TSA screenings are becoming increasingly invasive. Will more travelers choose to take the bus or train, or even stay home and teleconference?

A sign explaining millimeter wave imaging technology is displayed at checkpoint 10 at Minneapolis-St. Paul International Airport on Sept. 22. Security officials say the full-image technology is a critical tool to help head off potential threats, but some passengers are choosing to avoid flying rather than undergo the examination.

Jerry Holt / The Star Tribune / AP / File

November 15, 2010

Here’s my Division of Labour co-blogger (and fellow Wash U economics PhD) Michael Munger doing his usual kvetching about this or that pointless and expensive invasion of privacy. As there have now been naked pictures of me taken at several airports (San Francisco, most recently), all I can say to poor Mike is that these encroachments on and invasions of our basic liberties are the price we pay for freedom.

There are ways around this, though, at least for short trips. I’ve made three trips to St. Louis in the last month or so, and on two of these trips I took Greyhound. Once you factor in waiting time at the airport, the interminably long time it takes to de-plane and get luggage, and all of the other hassles of air travel, it didn’t take that much longer to take the bus. What’s more, the bus ticket only cost a little bit more than the gas I would have burned driving round-trip (and a fraction of what I would have paid for a plane ticket), it was much more comfortable than a plane, and I could either work or sleep over the course of the trip. Every seat had at least exit-row leg room, and the bus from Memphis to St. Louis had wifi.

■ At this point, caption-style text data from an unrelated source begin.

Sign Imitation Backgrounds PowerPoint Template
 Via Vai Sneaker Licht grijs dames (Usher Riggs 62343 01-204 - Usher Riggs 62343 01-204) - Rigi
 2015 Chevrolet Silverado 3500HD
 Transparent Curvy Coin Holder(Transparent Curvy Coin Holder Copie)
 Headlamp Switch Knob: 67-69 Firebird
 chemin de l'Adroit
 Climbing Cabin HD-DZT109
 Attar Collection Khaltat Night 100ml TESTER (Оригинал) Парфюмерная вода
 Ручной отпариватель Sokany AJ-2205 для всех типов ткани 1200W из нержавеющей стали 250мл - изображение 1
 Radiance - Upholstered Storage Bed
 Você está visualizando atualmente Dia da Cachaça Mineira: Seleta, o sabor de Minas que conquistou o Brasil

It was also nice to be able to use my phone or computer without having to worry about when it was safe to use portable electronic devices.

One of the best parts is that I didn’t have to deal with the TSA or any TSA-related delays. Indeed, on my way home from Saint Louis last Saturday, I got to the bus station about ten minutes or so before the bus was scheduled to leave. I had to sprint back and forth between the bus and the ticket counter so I could get a claim check for my luggage, but I didn’t miss my bus. If you ever show up at an airport less than an hour before your flight departs, making your flight is almost certainly going to be close (fortunately, though, a lot of airlines are releasing smartphone apps that allow you to check in and actually display your boarding pass on the phone itself).

Especially as the TSA is now taking nude pictures of people who want to try to board planes, I expect to see vigorous and healthy competition for short-haul travel from companies like Greyhound and Megabus. Yes, I know that the market is loaded with distortions in the form of highway subsidies, government air traffic control, and the like, but sat the margin it’s at least nice to know we have options.

Update: Will Wilkinson joins the chorus of TSA naysayers. In addition to competition from ground transportation, I expect to see people shift toward videoconferencing and the like rather than air travel. Will makes an important point about probabilities. You’re more likely to die from a lightning strike than to die from a terrorist attack (but, I wonder, are these conditional probabilities?). You’re also almost certainly far more likely to die driving to and from the airport than you are to die in a terrorist attack. Here’s an interesting EconTalk podcast in which Richard McKenzie entertains an economic truth but a political heresy: substitution toward driving in the aftermath of 9/11 has probably led to more deaths than the terrorist attacks themselves. If the new Congress is looking to eliminate resource-wasting, job-killing, American-imperiling government enterprises, it should start with the TSA. HT: Robert Lawson for the link to Will’s post.